Writing about roasting chemistry is difficult, and I think Scott has done an impressive job in cutting to the chase and presenting the important stuff in a way that seems real and accessible. While we understand the Chlorogenic acids are important, the whole discussion of them in roasting or brewing often feels abstract – here they do not.

What most people will want to read straight away are the practical roasting sections. Scott himself acknowledges this, but I would heed his note:

“I implore the reader to study the entire book and not focus solely on the “how to” chapters. Experience with my previous books has taught me that readers who cherry-pick the parts that appeal to them end up missing some of the big picture, leading them to misapply some recommendations”

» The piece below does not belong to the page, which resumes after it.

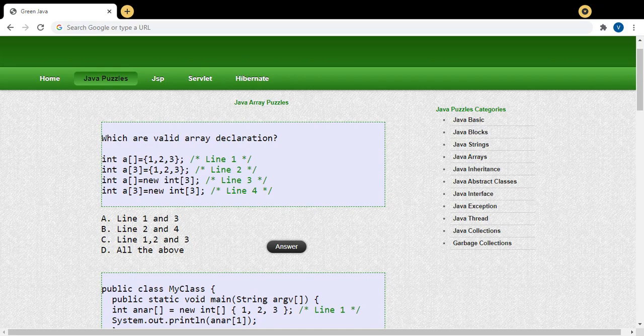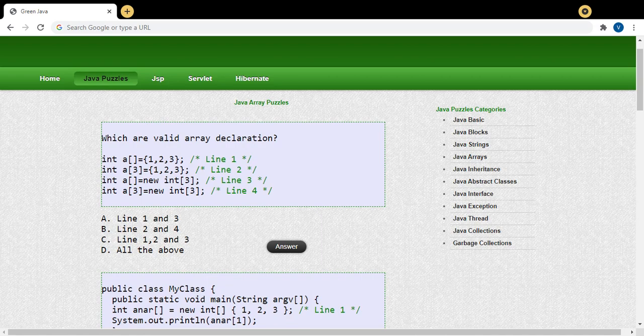In C programming, because arrays are data types, memory is allocated at compile time, so you must specify the size when declaring — for example, int arrayName[size]. But coming to Java, arrays are not a data type; arrays are objects, and objects take memory during runtime. So in Java, memory is allocated only at runtime.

I’m not going to cover the practical information in the book, other than to say that it is valuable and I definitely learned a good deal on my first couple of read throughs. Discussion of Rate of Rise (RoR), development, and things like ΔT are important, useful and ultimately very helpful. Scott has a very practical, methodical approach and I have no doubt that we’ll be looking at how we can implement his advice in a variety of places at work. I’m also delighted to see a section on sample roasting – something that it is almost impossible to find any good resources on.

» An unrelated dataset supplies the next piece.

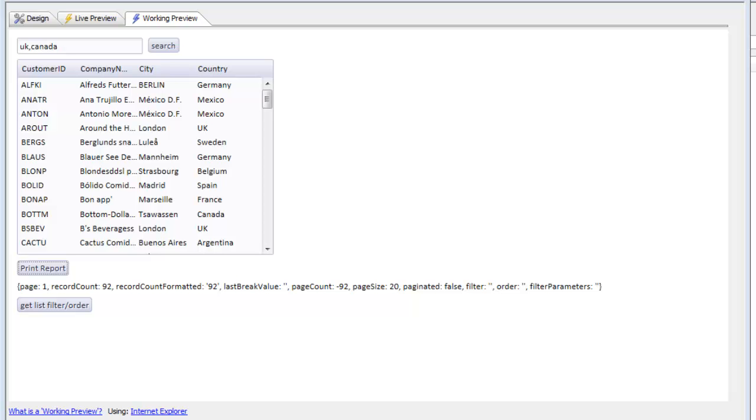In this video we show how you can filter a report based on the same filter that has been applied to a list control in a UX component.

Some people will reject what is in here, as it is contrary to their practices or beliefs. We’ve presented roasting as an art, as a personal expression of a roaster, so opinions that don’t validate what some people do can feel like criticism. They’re not – they’re opportunities to get better. Scott is cautious throughout to state that he’s trying to open up discussion. I think he’s given coffee roasters a base language that will allow us to better express the green coffees that we love, that we want to share and showcase to their full potential. I don’t think I absolutely agree with everything Scott writes, but I feel in a much better place when it comes to discussing that, arguing my point, and pushing my understanding of roasting to achieve the cup of coffee that we have in my heads.

You can buy the book direct from Scott. If you have any dealings with roasting coffee then I suspect this may be the best $45 you’ll spend.